#### Exercise objective
For the data below, work out how many lines include the string "Black" and report only the number.

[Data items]
* * *

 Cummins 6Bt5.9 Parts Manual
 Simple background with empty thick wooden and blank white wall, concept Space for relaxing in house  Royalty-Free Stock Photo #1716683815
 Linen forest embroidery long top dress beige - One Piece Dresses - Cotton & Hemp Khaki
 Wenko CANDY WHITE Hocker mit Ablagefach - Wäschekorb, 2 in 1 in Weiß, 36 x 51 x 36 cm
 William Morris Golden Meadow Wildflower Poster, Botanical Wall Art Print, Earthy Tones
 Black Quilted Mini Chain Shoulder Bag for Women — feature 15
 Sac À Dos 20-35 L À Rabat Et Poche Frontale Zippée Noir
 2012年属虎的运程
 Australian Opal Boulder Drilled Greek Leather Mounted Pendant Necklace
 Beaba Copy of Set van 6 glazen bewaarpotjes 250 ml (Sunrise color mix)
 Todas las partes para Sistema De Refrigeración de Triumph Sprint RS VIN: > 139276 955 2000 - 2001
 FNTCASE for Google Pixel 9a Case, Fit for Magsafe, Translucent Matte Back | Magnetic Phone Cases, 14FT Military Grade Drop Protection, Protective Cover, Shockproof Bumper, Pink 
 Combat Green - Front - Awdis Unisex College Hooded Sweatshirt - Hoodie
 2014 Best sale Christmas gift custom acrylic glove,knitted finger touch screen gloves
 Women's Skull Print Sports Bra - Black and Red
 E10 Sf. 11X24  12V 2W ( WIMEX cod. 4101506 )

* * *

#### Written solution
2